= Drizipara =

Ancient city in the Roman province of Europa

Drizipara (Greek: Δριζιπάρα), also known as Druzipara, Drousipara, Drusipara; now Büyükkarıştıran/Büyükkarıştıran' in Lüleburgaz district, was a city and a residential episcopal see in the Roman province of Europa in the civil diocese of Thrace. It is now a titular see of the Catholic Church.

== History of the town ==
The Greeks called the city Drizipera, Drousipara/Drusipara, Drizeparos and Drixiparos.
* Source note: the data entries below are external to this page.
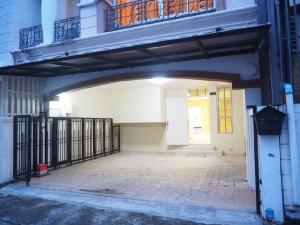 For RentTownhouseYothinpattana,CDC : 🔥🔥 Home Office 🔥🔥 Townhome for rent, 3 floors, corner unit 🔥🔥 Village in the middle of the city Lat Phrao-Yothin Phatthana 🚆‼️‼️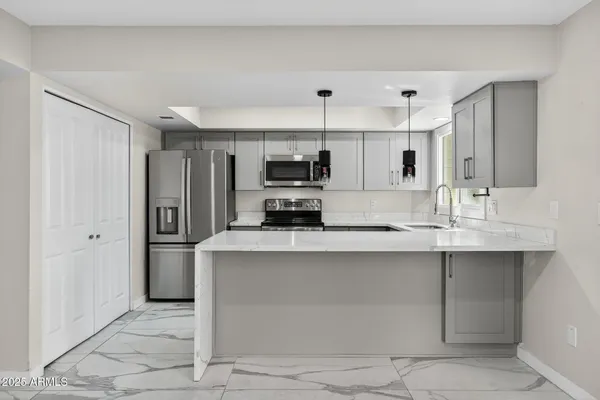 $1,995 | 1339 North 44th Street, Phoenix, AZ 85008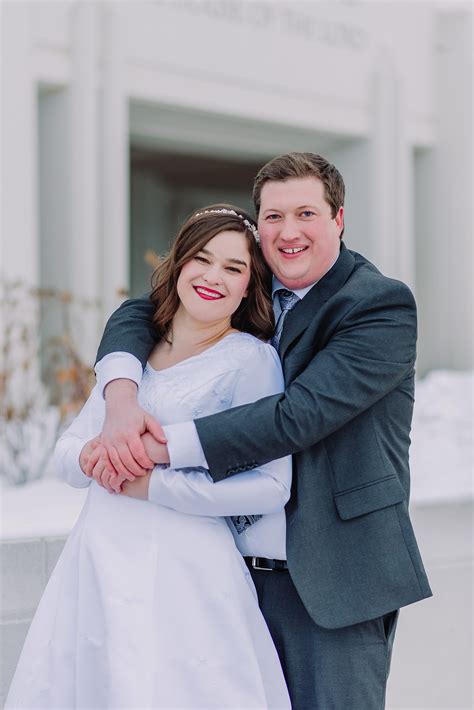 Rexburg Temple Winter Wedding - Janelle & Co Photo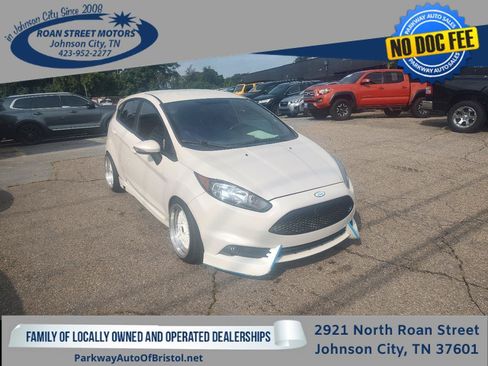 Used 2017 Ford Fiesta ST FWD image 1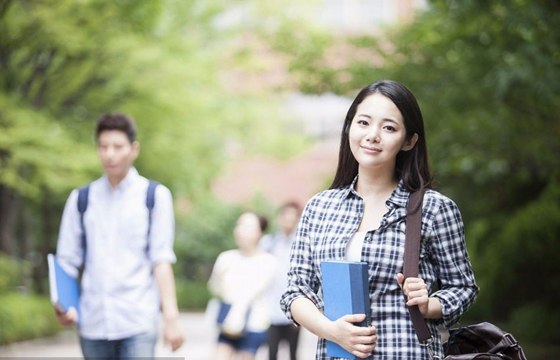 伤官格六神旺度女命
By the 9th century, it was called Mesene.

The city was situated, as mentioned by Ptolemy on the part of the Via Egnatia leading from Adrianople to Byzantium.
It contained a basilica dedicated to a Saint Alexander who suffered martyrdom there under Maximian. In 591, the Khagan of the Avars captured the city. He burned the church and destroyed the relics of the martyr. in looting their silver casing.

Sultan Murad I conquered the city in the 14th century. The city was described in 1432 Bertrandon of Broquière and in 1453 the wife of Grand Duke Loukas Notaras died there,

In the 16th century Sultan Bajazet II rebuilt a new city, Büyük Karistiran, a few kilometers to the west, which quickly supplanted Drizipara which dwindled.

The site is today occupied by a village called Misinli close to the town of Büyükkarıştıran.

== Church history ==
Drusipara, a titular see in Thracia Prima. Nothing is known of the ancient history of this town, which, was situated on the route from Adrianople to Byzantium.
It may be that it was founded in the 4th century as the centre of a bishopric, which by the 7th century was an autocephalous archdiocese. At first it was a suffragan of Heraclia but in the eighth and ninth centuries became an independent archbishopric, which was only suppressed during the Bulgarian invasions.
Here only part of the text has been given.